Two Montclair residents starred in the 75th anniversary revival performance of Clifford Odets’ Golden Boy, which ended its run at the Belasco Theatre on Broadway, the same theatre in which it premiered, this past weekend. David Wohl and Dagmara Dominczyk are often seen about Montclairtowne, one most notably with his dog, Boomer, and the other with her children. But when in New York, they are most gloriously taken in on the Broadway stage.
Originally written to save his Group Theatre, which was in danger of closing after his move to Hollywood, Odets claimed to hold no fondness for the play as “it seemed to [him] to really be immoral to write a play for money.” It comes as no surprise, then, that the play itself thematically explored just this conflict: the lure to money and fame versus the nobility of sticking to one’s true profession. Odets’s Golden Boy protagonist Joe Bonaparte enviably — if somewhat improbably — holds two innate gifts: one for music and the other for prize fighting. His ultimate choice — boxing — leads to damnation, regardless of the public admiration, fame and money while his Italian-born father disconsolately declares that “it is too late for music. One must be happy and free in order to make music.”
Happiness is not to be poor Joe Bon-a-parte’s (French for “part good”) destiny. He instead succumbs to the glittery attractions of capitalism, and what in the Golden Boy “Odets saw as an allegory for the spiritual impasse of the American dream.” (From Lush Life, by John Lahr). Instead of choosing “a truthful success” he turns to boxing, ruining his violin playing hands, torturing his conscience, and eventually costing him his life.
Although the cataclysmic divide between the two choices may be oversimplified in Odets’ play, the reality is a conflict that continually tips the two sides of a personal existential scale: the need for creativity and communicating life’s truths on one side, and making enough money to sustain oneself and one’s family on the other. The character of Joe, in some ways not fully developed by Odets, was drawn to riches and fame and not just a comfortable life style, which Mr Bonaparte believed possible for his son.
New York is the perfect setting for Odets’ play, a city that never apologizes for the chasm between the haves and have nots, between art and commerce. The Big Apple never masks its one real intent: capital gains. Yet it is also a City rich in creativity. It is decorated gloriously in the arts, with its superlative museums, its outstanding theatre, its one-of-a-kind Philharmonic. There has been a thriving art scene for years in Gotham. The symbiotic relationship between the two natures of New York is a viable one, thanks to liberal-minded Capitalists that seek truth in its art forms as collectors, but most importantly thanks to the noble hands that communicate it.
There is a mixed bag in collection. The true liberal-minded art philanthrope will donate to museums. The more status conscious will collect art not just for love of the truth it conveys, but its status and reflected glory.

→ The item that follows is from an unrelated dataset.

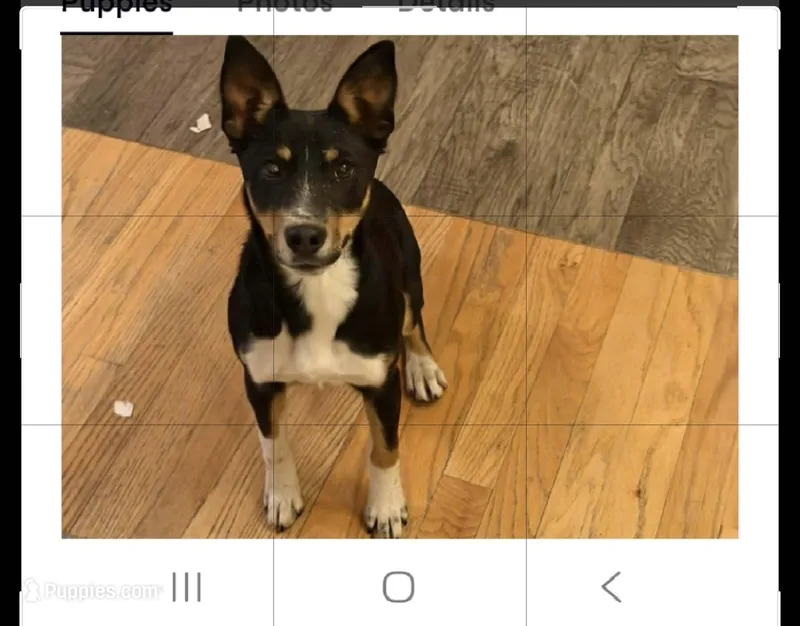Jinx – Rat Terrier puppy for sale in Divide, CO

Happily, artists reside in some impressive numbers in Montclair. Many of these artists — of the stage, of the canvas, of music, of the printed page — have been reasonably successful in their craft. Speculatively one might assume that being true to one’s own profession might have tipped that personal existential scale towards a simpler, less expensive life in the suburbs. Take the aforementioned David Wohl, for example. Having previous roles in big pictures like Saving Private Ryan and Sophie’s Choice, Wohl prefers theatre work, much like Odets himself. He also is a devoted husband and father who prefers ripped trench coats and his son’s Vans from last season to cashmere and Italian leather. He drove across country with one of his sons last summer in a 1975 Dodge Dart.

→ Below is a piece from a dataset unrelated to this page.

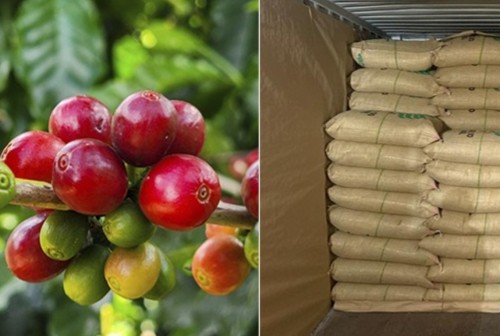 Minas  exporta primeiro lote de café especial com Selo Verde para Europa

Wohl seemed to be the perfect person to play Mickey, a trainer who skulks in the locker room background acting as a rather ironic commentator for what transpires before him. The elder Bonaparte is questioning Mickey, a trainer for an aging journeyman boxer, about the allure of the “sweet science” in an attempt to understand his son’s life choices:
Bonaparte: They fighta for money, no?
Mickey: No, they’re fighting for a noble cause —
Bonaparte: If they wasa fight for cause or for woman, woulda not be so bad.
Therein lies the intersection of the two sides of our noble scheme: the ends justify the means. If love or peace is the reason to fight, then the fight is just. Does it then follow that if art is what communicates truth, but money is needed to support it, than Capitalism isn’t so bad?
Lucky for us New Jersey suburbanites, who are ironically the brunt of many a Broadway joke (the female lead, Lorna Moon, repeatedly refers to herself as a “tramp from Newark”) so many of the noble have decided to join us across the Hudson, at the market, or on the dog slog in the park. Their presence lends to a colorful, cosmopolitan existence here, hidden in between the strip malls of Route 46 and the choking exhaust of Route 3. They’ve attracted good bakers, a lovely art museum, and a community flavor unlike any other, especially within five minutes drive of a WalMart. Instead, they’ve tipped the existential scale of our little town into the noble, truthful, creative column for all of us to enjoy, even for those who embrace Capitalism as another corner of a noble scheme — so long as the schemers patronize the noble amongst us.